Requirement: Within the listing below, please copy exactly the lines between the line holding "Once it's finished, you'll" and the line holding "In this video I'll", inclusive.

Records provided:

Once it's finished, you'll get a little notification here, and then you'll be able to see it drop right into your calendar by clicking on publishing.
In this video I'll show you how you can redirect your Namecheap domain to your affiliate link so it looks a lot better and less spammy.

---

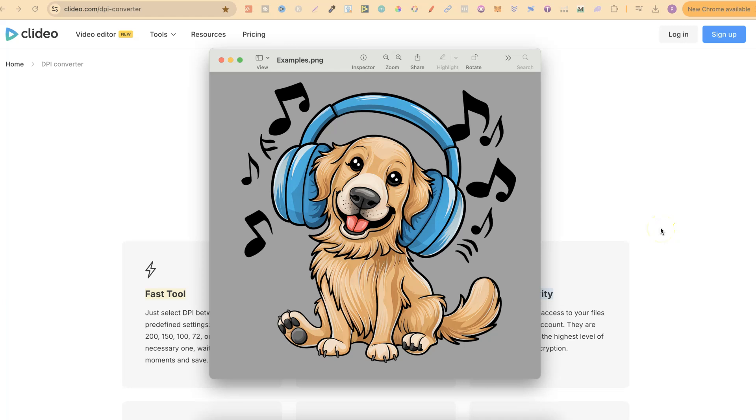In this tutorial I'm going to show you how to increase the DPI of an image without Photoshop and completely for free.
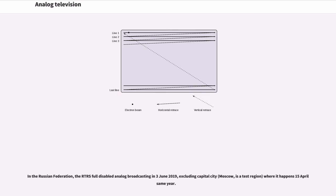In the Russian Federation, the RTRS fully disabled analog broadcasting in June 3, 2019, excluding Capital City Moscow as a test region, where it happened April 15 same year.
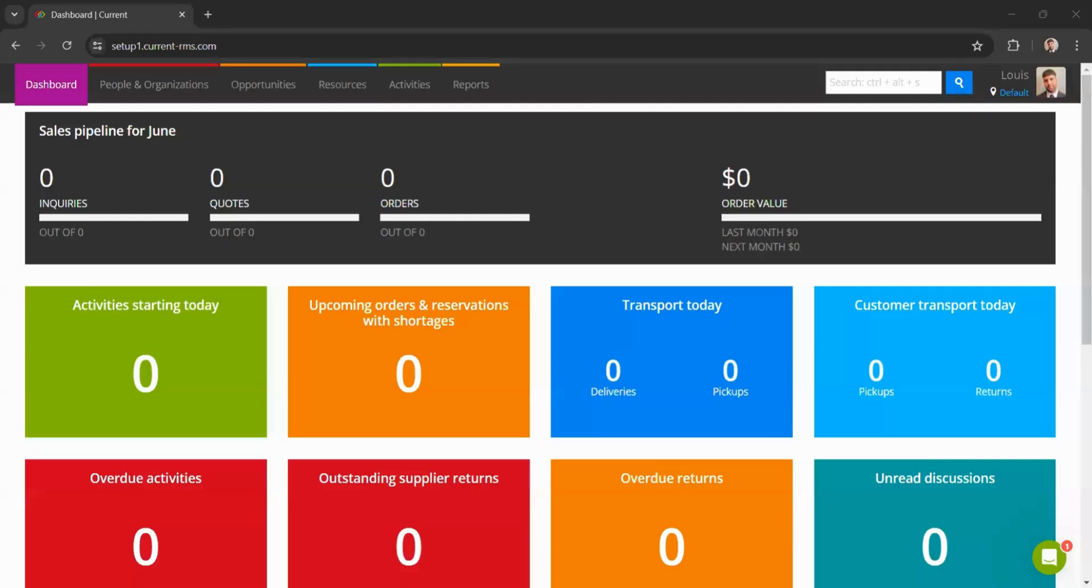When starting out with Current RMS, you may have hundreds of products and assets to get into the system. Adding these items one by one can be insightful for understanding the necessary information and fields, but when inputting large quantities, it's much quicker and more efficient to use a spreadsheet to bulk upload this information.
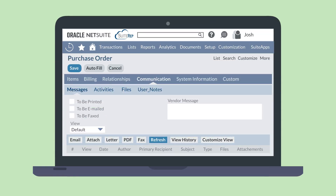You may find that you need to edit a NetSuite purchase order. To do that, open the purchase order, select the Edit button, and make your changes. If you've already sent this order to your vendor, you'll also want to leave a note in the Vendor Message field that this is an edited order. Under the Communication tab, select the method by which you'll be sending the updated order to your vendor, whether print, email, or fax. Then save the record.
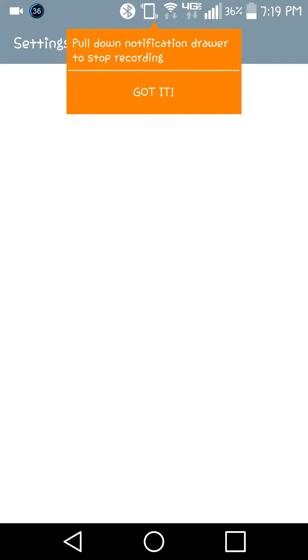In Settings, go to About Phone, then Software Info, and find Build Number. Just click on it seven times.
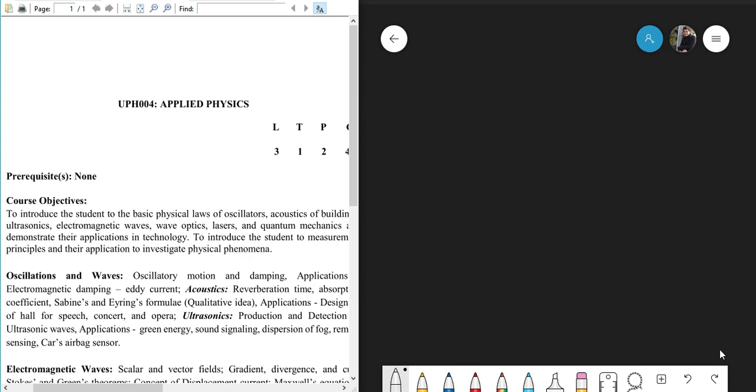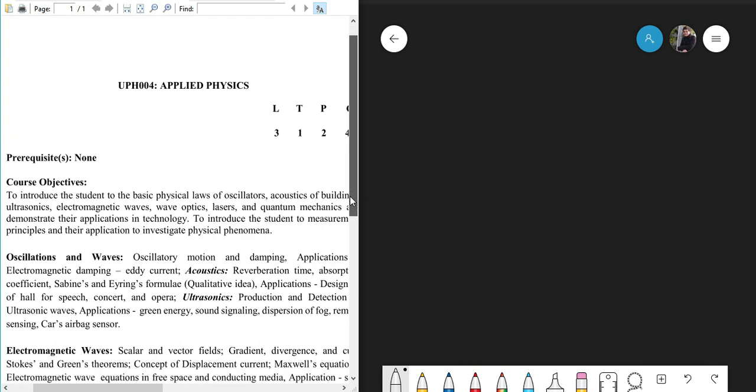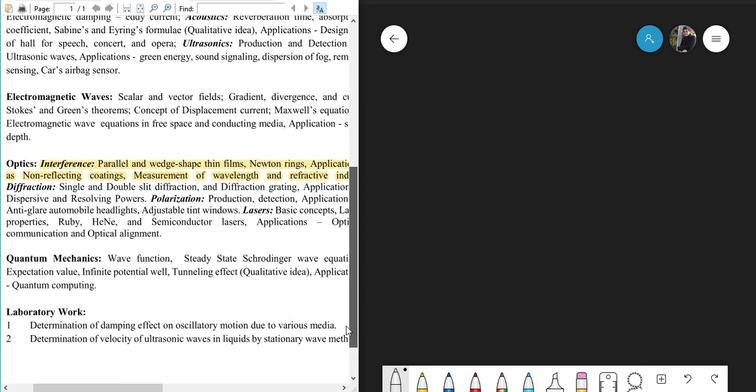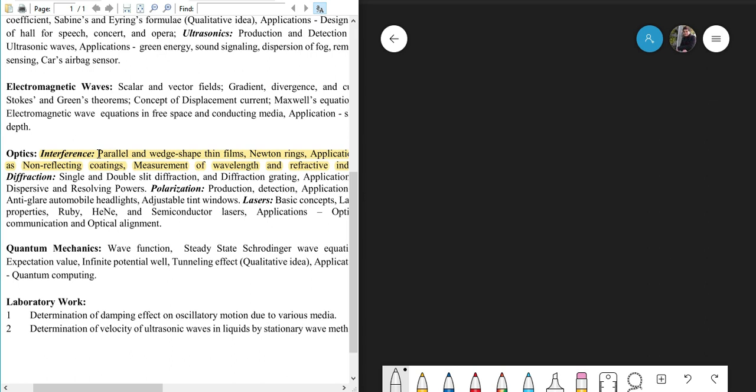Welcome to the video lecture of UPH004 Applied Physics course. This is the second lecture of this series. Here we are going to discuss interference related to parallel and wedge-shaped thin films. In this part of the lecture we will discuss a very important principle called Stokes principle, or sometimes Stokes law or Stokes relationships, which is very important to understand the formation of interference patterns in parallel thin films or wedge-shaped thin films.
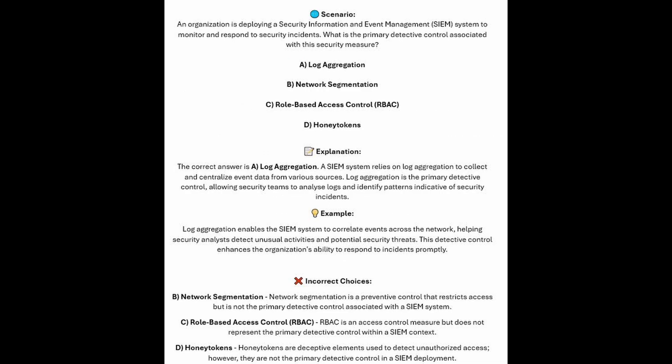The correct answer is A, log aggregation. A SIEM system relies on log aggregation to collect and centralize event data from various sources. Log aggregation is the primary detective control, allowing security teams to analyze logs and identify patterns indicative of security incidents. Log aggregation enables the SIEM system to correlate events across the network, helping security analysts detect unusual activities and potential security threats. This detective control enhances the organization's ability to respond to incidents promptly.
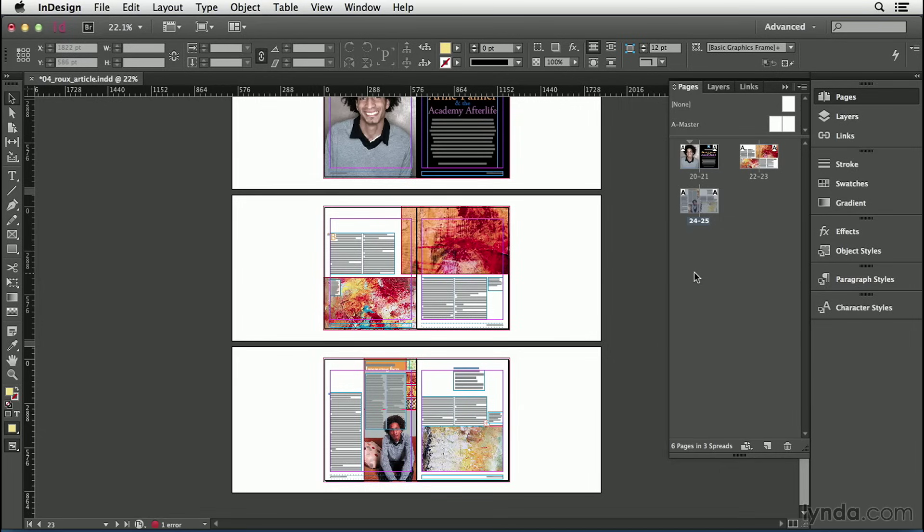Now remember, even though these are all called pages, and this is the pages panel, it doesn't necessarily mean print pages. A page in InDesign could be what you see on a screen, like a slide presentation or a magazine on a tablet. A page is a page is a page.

--

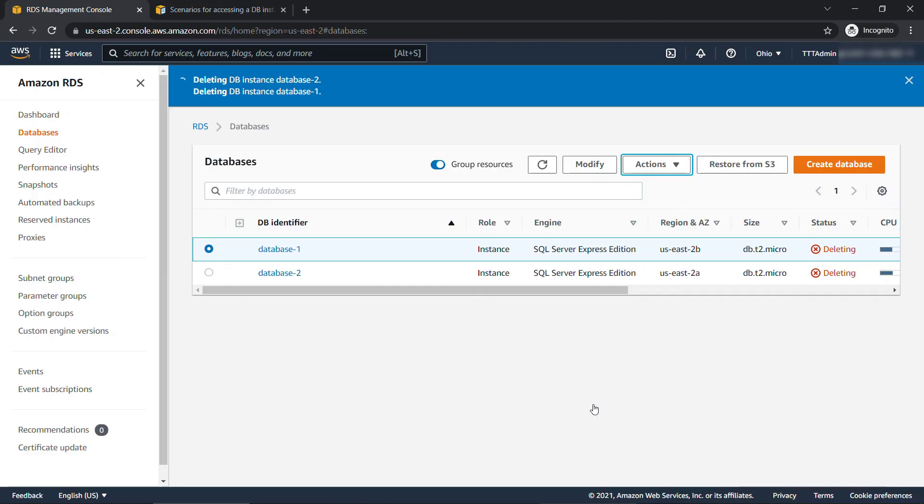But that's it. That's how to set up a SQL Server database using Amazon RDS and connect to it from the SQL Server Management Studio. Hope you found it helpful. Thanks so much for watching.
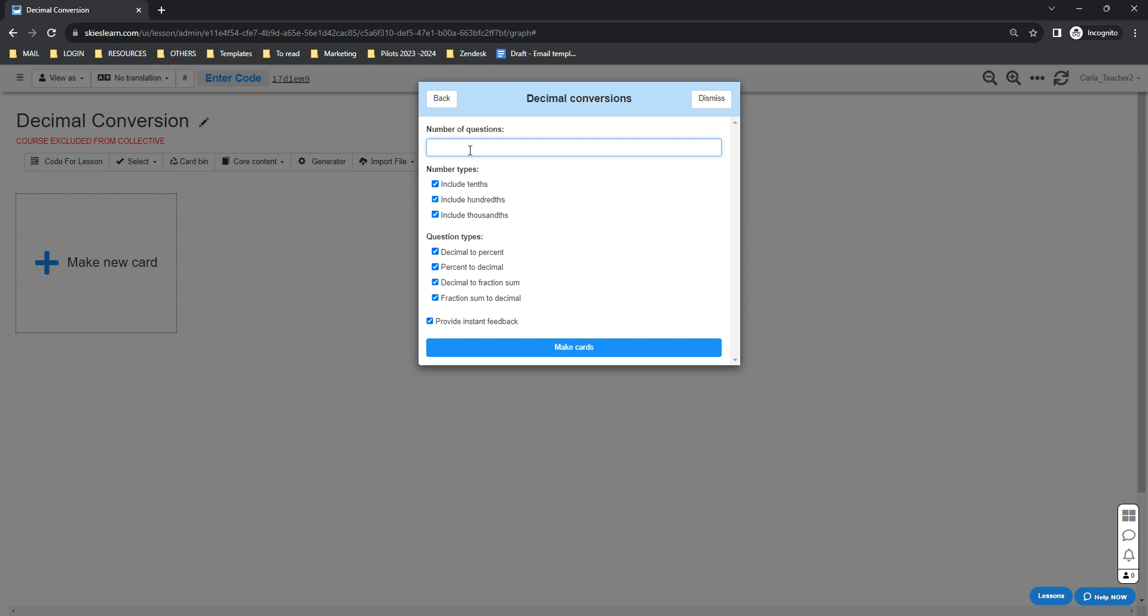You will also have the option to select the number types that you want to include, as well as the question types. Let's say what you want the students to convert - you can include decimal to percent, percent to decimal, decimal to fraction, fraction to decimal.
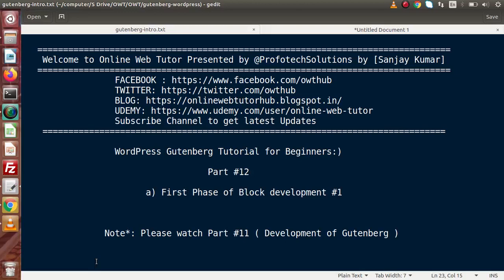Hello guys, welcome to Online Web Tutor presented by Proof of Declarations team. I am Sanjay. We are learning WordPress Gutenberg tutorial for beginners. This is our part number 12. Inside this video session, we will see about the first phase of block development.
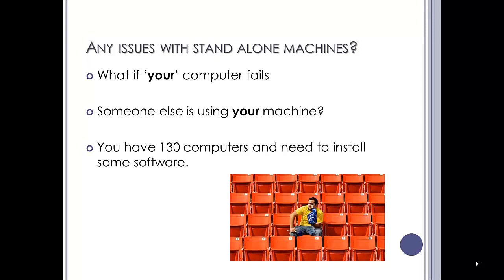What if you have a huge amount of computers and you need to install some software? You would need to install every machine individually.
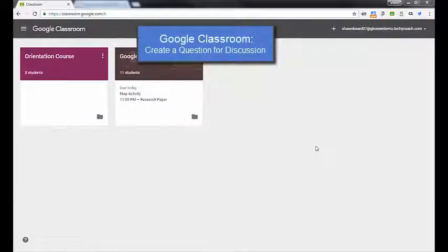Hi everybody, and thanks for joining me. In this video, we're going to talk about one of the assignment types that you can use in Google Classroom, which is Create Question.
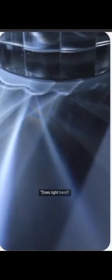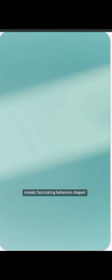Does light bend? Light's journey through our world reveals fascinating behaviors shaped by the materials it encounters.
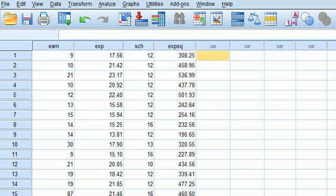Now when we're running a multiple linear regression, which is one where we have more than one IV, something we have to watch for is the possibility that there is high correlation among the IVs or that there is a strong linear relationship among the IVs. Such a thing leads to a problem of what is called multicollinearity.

Reply:
Once it's finished, you'll get a little notification here, and then you'll be able to see it drop right into your calendar by clicking on publishing.
In this video I'll show you how you can redirect your Namecheap domain to your affiliate link so it looks a lot better and less spammy.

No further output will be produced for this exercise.